It isn’t just the autograph book that has bitten the dust in recent years, but also the crowd of small boys hanging around the locked double door marked PLAYERS AND OFFICIALS ONLY an hour after the match….
The players are missing, too: men who didn’t need a minder at their side to talk to a twelve-year-old about the afternoon’s brawls and cannonballs. The kind of players whose personally signed message you’d want to treasure forever.
In the intervening years, football magazines and club shops have churned out sheets of pre-printed (quite literally auto-) autographs to help save the all-important stars time and hassle. It’s all a question of supply and demand, see?

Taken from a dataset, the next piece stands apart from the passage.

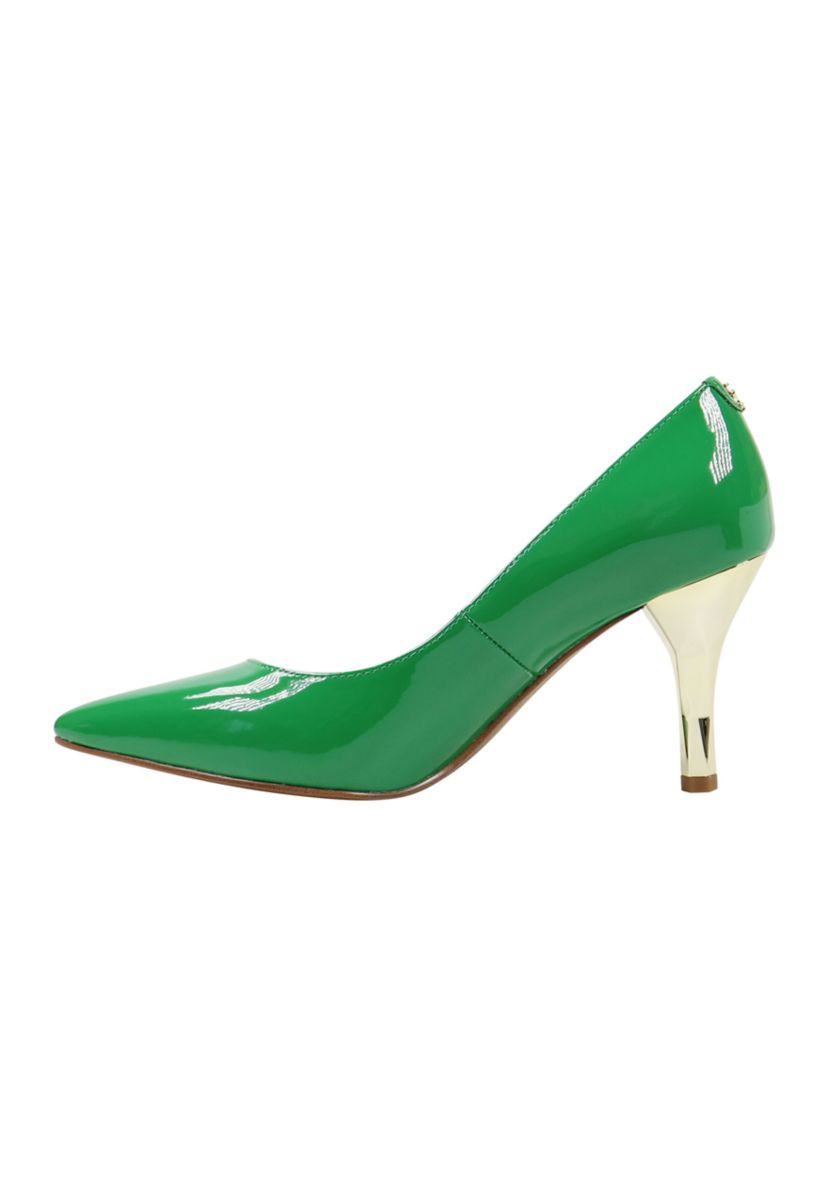 Kanan Classic Patent Pumps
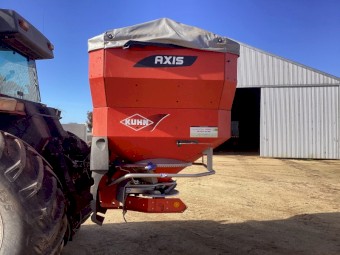 Axis 30.2 fertiliser spreader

Autograph books have been replaced by handily pre-signed official postcards, and the gaggle of young fans outside the ground by eBay entrepreneurs.
“Hey Mister, will you sign this matchworn shirt/vintage electric guitar for me, and pose for an authentication shot?”
For a guaranteed unsigned copy of ‘Got, Not Got’ apply here.
Disappointed that the Southampton autograph sheet didn’t include the footballer with the most preposterous names in footy history who was playing for them at the time I think…
Mr Forbes Phillipson-Masters
I’ve got a card of him somewhere, I’ll stick it in Coolest Card Ever Quest soon!
Surely he went on to be a cricket tutor at a private school with that name?